The agreement gives BPA the ability to manage system operating limits on its paths at its own discretion, but requires it to alert the ISO to any changes ahead of an interval.
It also provides for the development of “flow-relief tools” related to the EIM. Among those tools: a procedure that, in a curtailment situation, will allow BPA to transmit to CAISO the EIM’s prorated share of curtailed flows on an affected transmission flowgate between the two balancing areas.
New Groups
The CTA additionally calls for CAISO and BPA to convene a Coordinating Committee every quarter to address operational issues related to the agreement, resolve disputes and offer up potential revisions.

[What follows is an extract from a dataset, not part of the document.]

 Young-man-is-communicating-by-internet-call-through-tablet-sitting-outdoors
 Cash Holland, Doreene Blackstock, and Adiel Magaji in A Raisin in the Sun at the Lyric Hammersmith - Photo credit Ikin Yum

The agreement also establishes a working group — consisting of Pacific Northwest EIM members, a select group of BPA transmission customers and the Coordinating Committee — charged with discussing implementation, data exchange and transmission operations under the agreement.
“As far as the selected Bonneville customers, we haven’t decided how we’re going to do that yet, but we want to select customers that are representative of our various classes of transmission customers,” Miller said.
Ann Rendahl, a Washington Utilities and Transportation commissioner and chair of the BOSR, noted that the “whereas” clause at the beginning of the CTA specifies that the Coordinating Committee will discuss seams issues.
“I assume that the working group is also to discuss seams issues, but to get at them from a more granular level,” Rendahl said.
Miller agreed and said the group could also be the body that initiates other “major” types of coordination and constraint relief along the interties.
CAISO and BPA plan to file the agreement with FERC in April. “Hopefully we’ll have another FERC commissioner at some point so it can actually be approved,” Miller said.